Research focus
One of the main focus of the group is about Lynch syndrome (LS), that is the most common genetic predisposition for hereditary cancer but remains underdiagnosed. Large prospective observational studies have recently increased understanding of the effectiveness of colonoscopic surveillance and the heterogeneity of cancer risk between genotypes. The need for gene- and gender-specific guidelines has been acknowledged by our efforts from the Prospective Lynch Syndrome Database (PLSD) which allowed to update the clinical management of LS. Our work has been to conduct an international and multicenter prospective observational study using independent test and validation cohorts of LS. We provided for the first time, larger numbers that allowed to derive more precise risks estimates for cancer in LS categorized by gene and gender.
During the last 4 years, we have been using multigene panel testing in familial cancer cases without genetic cause demonstrated by single gene testing, to gain information on to which degree other genes may have been causative for cancer in the patients and their relatives, and to be informed on how such genes were deranged to discriminate between normal and disease-causing variants. In addition, we analyzed the impact of a subset of VUS on RNA splicing by the use of minigene assays. Because multiple cancer gene panel testing is rapidly replacing sequential single-gene testing, we need to know how to improve in the way we interpret the findings from panel testing patients in cancer kindreds who have been previously tested for the BRCA1/2, PTEN, TP53 and mismatch repair (MMR) genes without detection of pathogenic variants.

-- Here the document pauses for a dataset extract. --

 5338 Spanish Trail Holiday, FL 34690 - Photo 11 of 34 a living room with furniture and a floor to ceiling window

Our group is also interested in unravelling the challenges of implementing the advances in diagnosis of hereditary cancer susceptibility and applying these insights to clinical practice in Latin America. In the Latin American countries, training in human genetics and medical genetics is scarce. Our work has brought knowledge on the genetic background of LS in Latin America and may enable the identification of multiple frequent founder variants, which subsequently may be subjected to testing in the areas where they occur. In addition, we have established national and international collaborations in LS that have been crucial, especially in generating knowledge about MMR gene variant classification and sharing of genetic practices within the region. Collaborative efforts aim to ensure that all Latin Americans have access to genetic services and to bring additional awareness to medical professionals and public health leaders. The importance of this finding was recognized by the scientific community, and also by the general public; it was covered by the media in Latin America and have generated more than 20 scientific publications.

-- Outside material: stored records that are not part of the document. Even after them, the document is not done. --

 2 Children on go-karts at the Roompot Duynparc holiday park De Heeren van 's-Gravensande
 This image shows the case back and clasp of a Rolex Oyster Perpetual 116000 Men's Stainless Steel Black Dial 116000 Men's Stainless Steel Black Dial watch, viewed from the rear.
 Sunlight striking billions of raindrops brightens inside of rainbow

We pursue our interest in the genetic epidemiology of hereditary cancers in low-resource setting in Peru. We have identified a greater proportion of cancer cases than previously described, with a young age of onset and differential profile of the most frequent cancers and analyzed using a gene panel containing 96-cancer associated genes. With the emergence of increasingly effective interventions, it becomes paramount that populations living in resource-limited settings have access to cancer services and participates in genetics and genomic research.